Ikarus: Ramón Oliveras (drums, composition), Anna Hirsch (voice), Andreas Lareida (voice), Lucca Fries (piano), Mo Meyer (doublebass).

Nik Bärtsch のプロデュースで Ronin Rhythm Records から2枚のアルバムをリリースしているスイスのグループ Ikarus。 去年にも1度来日しているが年度末繁忙期のために観られず、今回の来日で観ることができた。 アンコールこみで1時間ほどのライブだった。 ちなみに、2枚のアルバム制作と昨年度来日のメンバーから女性歌手が替わっている。

アルバムで聴いていた時はさほど drums が際立たず、むしろ piano の音が耳に残り、 スキャットをフィーチャーした Nik Bärtsch's Ronin [鑑賞メモ] という印象だった。 ライブでみると (ライブだからか) リズムが力強く多様に感じられ、 淡々としたミニマルな音楽というより、ドラマチックな展開を感じた。 ドラマーがリーダーのグループというのも、納得だ。

男女二人のヴォイスも、classical な歌い方ではなく、 動きながら表情豊かに歌う様子も jazz のスキャットに近いもの。 アンコールで倍音も使ったりしたが、特殊な発声法を多用、強調するようなことは無かった。 リズミカルなスキャットというより、ソフトにディレイを真似るように歌うような時も多く、 Theo Bleckmann をフィーチャーした John Hollenbeck のビッグバンドを、小回り効くように小編成にしたよう、と感じる時もあった。

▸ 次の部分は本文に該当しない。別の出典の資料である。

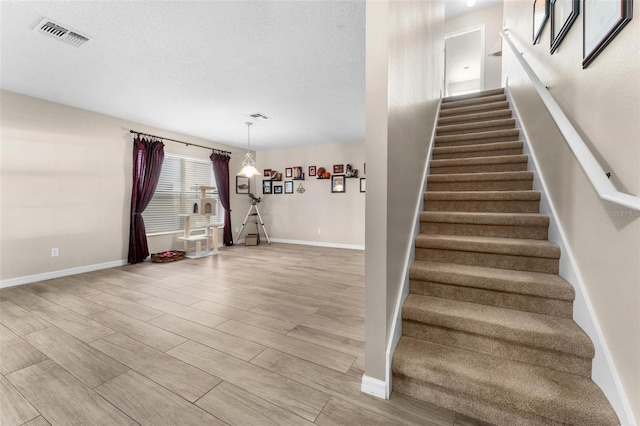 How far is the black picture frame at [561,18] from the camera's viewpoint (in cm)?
149

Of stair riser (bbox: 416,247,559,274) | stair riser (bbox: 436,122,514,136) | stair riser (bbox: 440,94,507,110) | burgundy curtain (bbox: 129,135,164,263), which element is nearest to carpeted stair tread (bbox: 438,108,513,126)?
stair riser (bbox: 436,122,514,136)

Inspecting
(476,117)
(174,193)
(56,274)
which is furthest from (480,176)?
(56,274)

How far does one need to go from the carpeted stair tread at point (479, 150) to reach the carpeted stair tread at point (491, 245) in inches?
46.8

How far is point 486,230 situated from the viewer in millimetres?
1986

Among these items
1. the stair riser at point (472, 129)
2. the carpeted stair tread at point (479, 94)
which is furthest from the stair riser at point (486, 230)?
the carpeted stair tread at point (479, 94)

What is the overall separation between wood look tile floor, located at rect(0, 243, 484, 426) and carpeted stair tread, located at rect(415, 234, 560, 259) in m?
0.90

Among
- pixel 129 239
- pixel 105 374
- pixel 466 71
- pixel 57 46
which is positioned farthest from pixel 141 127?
pixel 466 71

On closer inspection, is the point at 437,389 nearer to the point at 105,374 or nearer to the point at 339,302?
the point at 339,302

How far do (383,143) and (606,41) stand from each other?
3.44ft

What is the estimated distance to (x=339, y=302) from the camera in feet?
8.64

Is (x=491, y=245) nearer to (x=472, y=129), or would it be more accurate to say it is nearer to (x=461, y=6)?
(x=472, y=129)

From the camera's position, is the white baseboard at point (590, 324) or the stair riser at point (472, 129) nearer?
the white baseboard at point (590, 324)

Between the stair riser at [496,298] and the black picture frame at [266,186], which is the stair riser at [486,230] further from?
the black picture frame at [266,186]

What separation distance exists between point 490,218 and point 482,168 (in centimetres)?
79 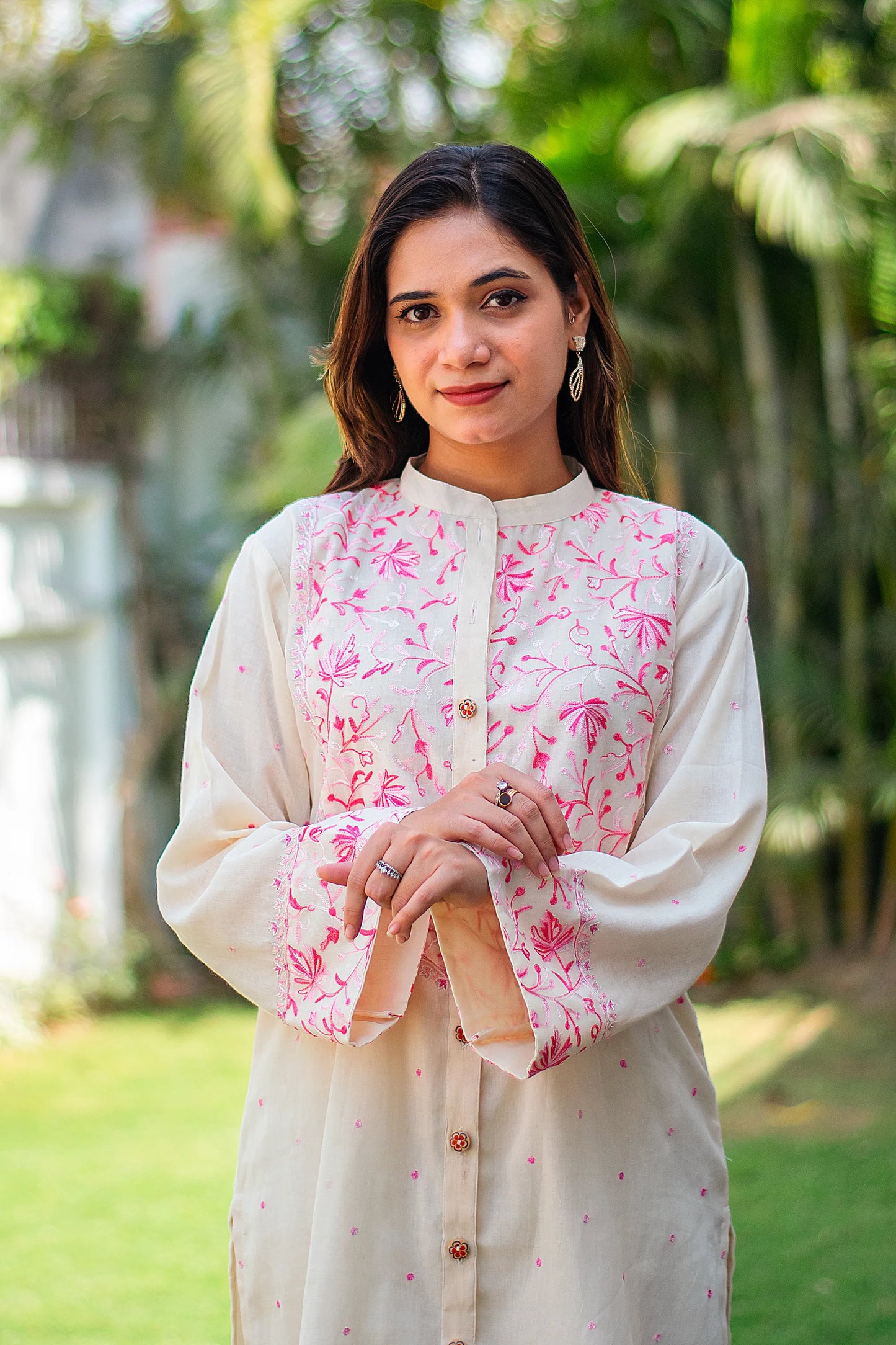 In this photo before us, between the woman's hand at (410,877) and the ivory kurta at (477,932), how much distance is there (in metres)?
0.05

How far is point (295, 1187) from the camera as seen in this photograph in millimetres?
1627

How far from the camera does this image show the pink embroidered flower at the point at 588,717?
1.60 m

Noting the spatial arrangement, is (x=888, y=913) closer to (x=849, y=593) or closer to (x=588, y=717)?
(x=849, y=593)

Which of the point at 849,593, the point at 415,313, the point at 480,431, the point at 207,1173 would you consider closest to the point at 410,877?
the point at 480,431

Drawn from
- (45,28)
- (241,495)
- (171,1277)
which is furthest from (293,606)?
(45,28)

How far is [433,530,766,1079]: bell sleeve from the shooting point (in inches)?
58.3

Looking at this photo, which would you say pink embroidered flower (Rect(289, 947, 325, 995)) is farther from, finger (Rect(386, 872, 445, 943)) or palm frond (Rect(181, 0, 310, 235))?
palm frond (Rect(181, 0, 310, 235))

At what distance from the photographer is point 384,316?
1.78 m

フロントのボイスの男女は、色は黒ながら立体的に造形されたデザインの服を着ていたのだが、 そんな衣装も似合う美男美女。特に男性は表情もMCの口調もフレンドリー。 そんな雰囲気も楽しむことができた。 演奏の種類によってはこぢんまりとした親密な空間という良さがあるが、 狭くて雑然としているとも言えるエアジンのような空間よりも、 コンテンポラリーダンスの公演とかもできそうなホールや Super Deluxe のようなオルタナティブスペースの方が似合いそうなグループだとも思ってしまった。